Probably not the headline you want to run in the first full week of your presidential campaign:
Fix the subways? Bill de Blasio can’t even fix the potholes. Fix the potholes? He can’t even keep the rats at bay. I suppose he could fill the potholes with the rats.
De Blasio’s presidential quest would on the surface appear to be a bit of a curiosity given that after considerable pressing of flesh in Iowa and New Hampshire he remains at zero percent in the polls. Where do you go with that? “If I work hard, I think I can double my support”? Also, why would he give the Post a stick with which to whomp him upside the head? Why do you keep hitting yourself, Bill?
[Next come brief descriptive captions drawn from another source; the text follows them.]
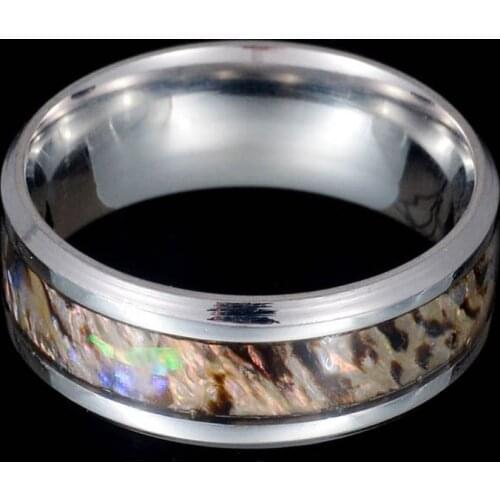 Vintage Stainless Steel Rings Men Fashion Jewelry Classic Elegant Retro Wedding Rings for Women Girls Width 8mm anillos mujer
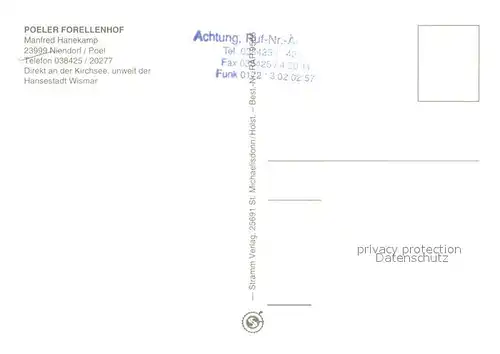 AK / Ansichtskarte Niendorf_Poel Poeler Forellenhof Raeucherei Gaststube 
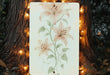 a picture of a flower on a tree with a string of lights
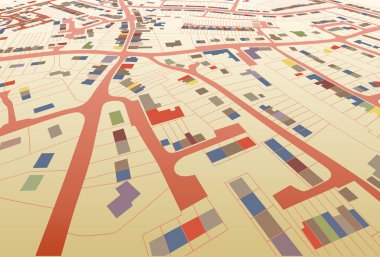 Streetmap perspective clipart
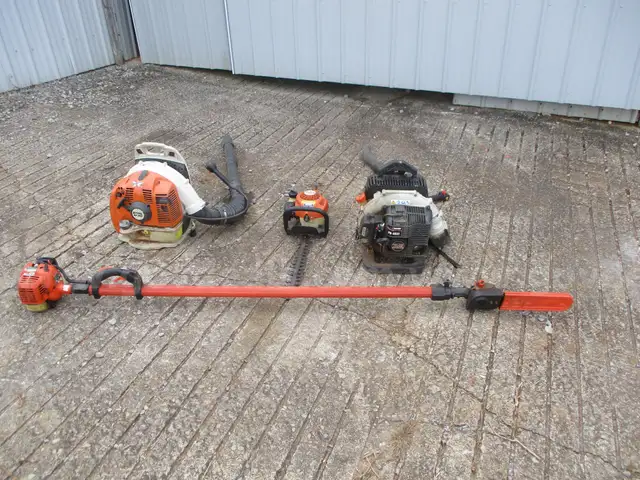 Lot of Blowers and Trimmers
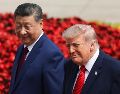 La reunión de trabajo en el primer día de la visita de Trump a Pekín duró algo más de dos horas y no se saldó con grandes anuncios o acuerdo. EFE/EPA/M. Shemetov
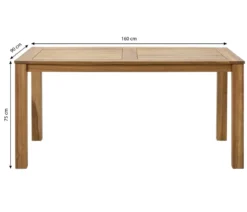 Dehner Tisch Macao, ca. B160/H75/T90 cm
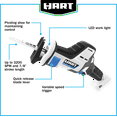 HART 20Volt Brushless OneHanded BatteryPowered Reciprocating Saw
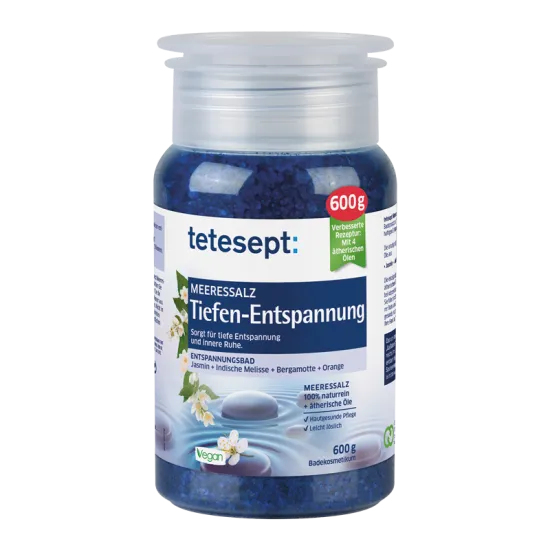 Tetesept So za kupanje Deep Relaxation 600g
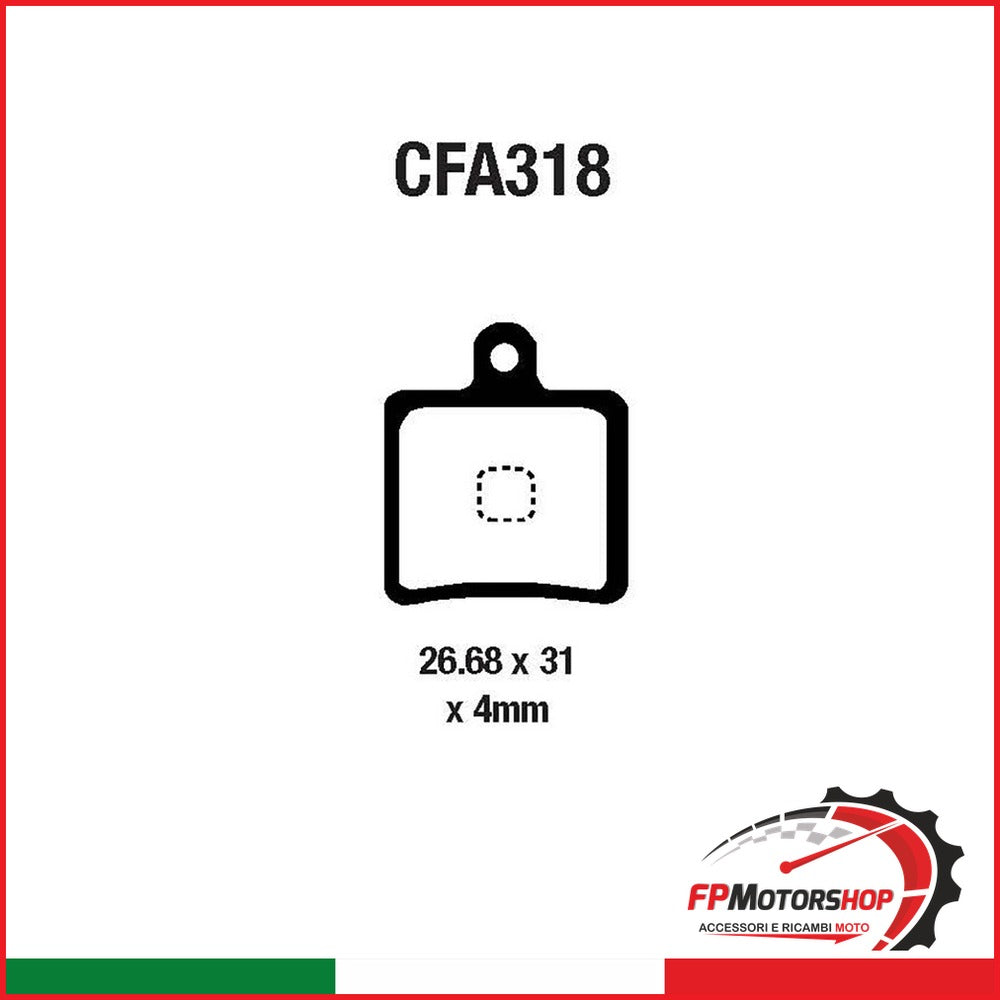 PASTIGLIE MTB CFA318HH EBC R4231800 - foto brandizzata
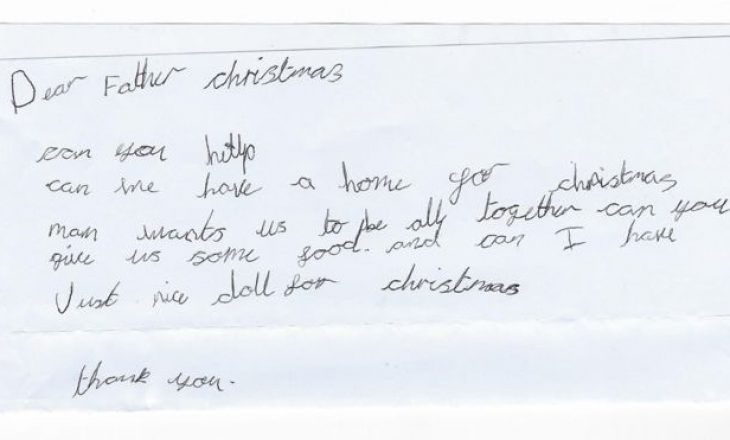 Letra e 7-vjeçares dërguar Babadimrit – kërkesa e saj ka prekur të gjithë botën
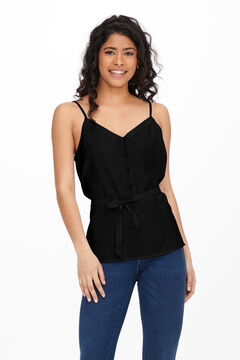 Springfield Strappy blouse with tie  noir
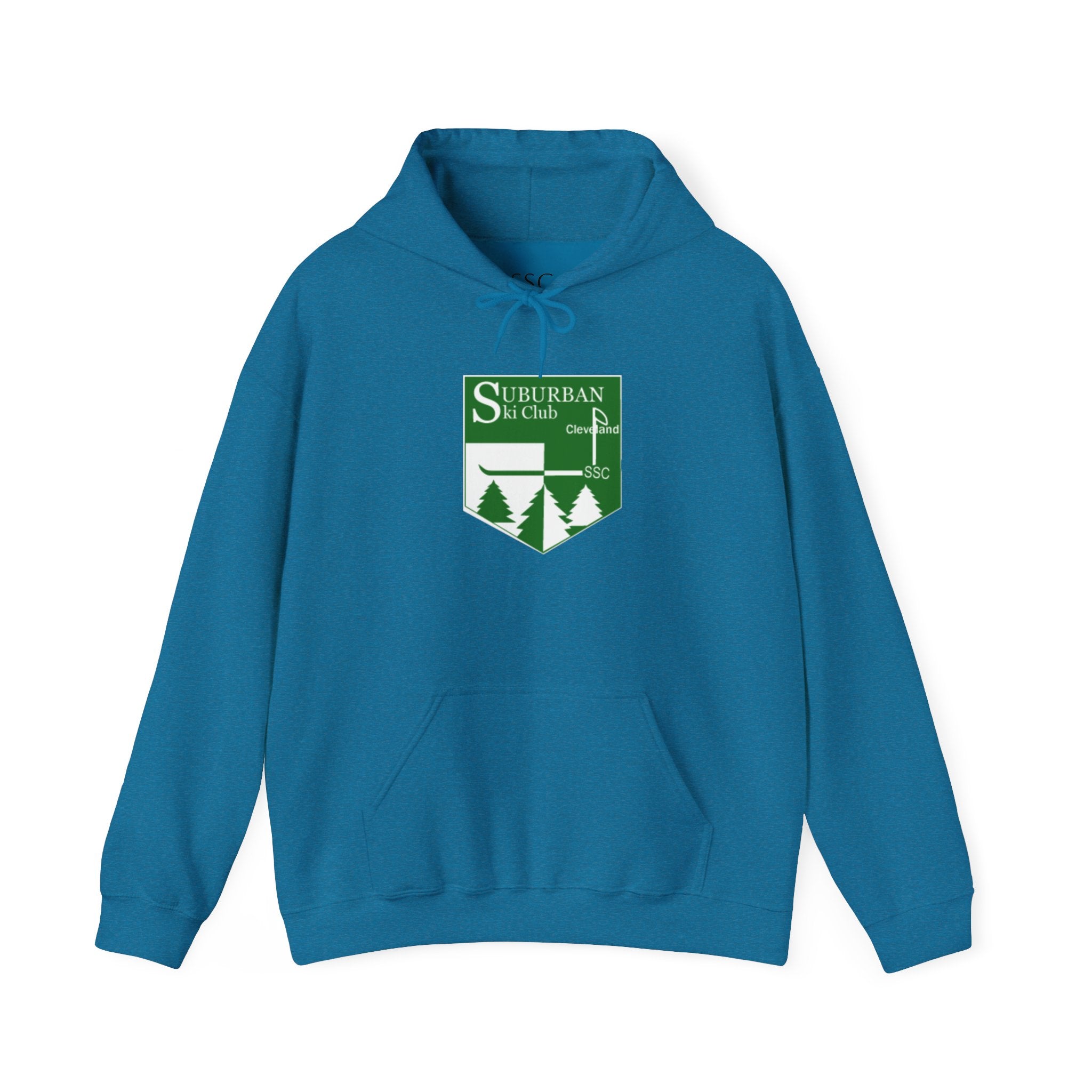 Suburban Ski Club Hoodie - Cozy Unisex Sweatshirt for Ski Lovers, Winter Apparel, Ski Trips, Casual Wear, Gift Idea
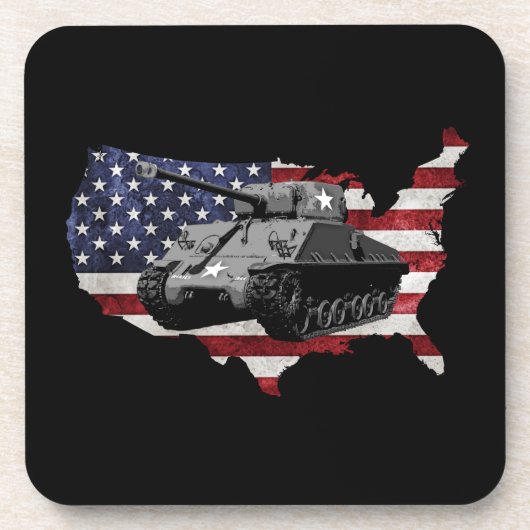 M4 Shermantank Onderzetter (Voorkant)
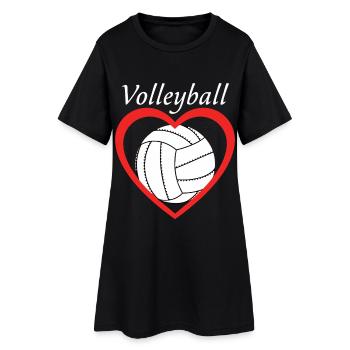 Volleyball Amour du cœur - Robe T-shirt Femme - noir - Devant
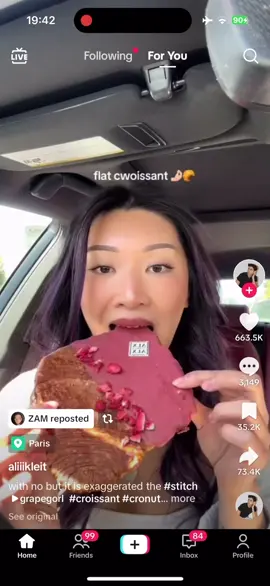 Le croissant 🥐 is made to be eaten with things inside! i said what I said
Ah, but maybe de Blasio is playing four-dimensional chess here, though. He could be pioneering an entirely new style of presidential campaigning, one based on threats instead of promises: “Elect me president or I shall unleash my tide of vermin on you, America! Laugh no more, fools, I have a rodent army at my disposal and lots of bridges and tunnels connecting to the mainland! Moooh-hoo-hoo-hoo-ha-HAW-ha!!!” (Peels off Mission: Impossible mask. Face looks pretty much the same underneath). “No more goofy, incompetent Bill de Blasio! Now buckle up for the devastating efficiency of Burgermeister Warren Wilhelm!!! Did you think I killed that groundhog by accident?”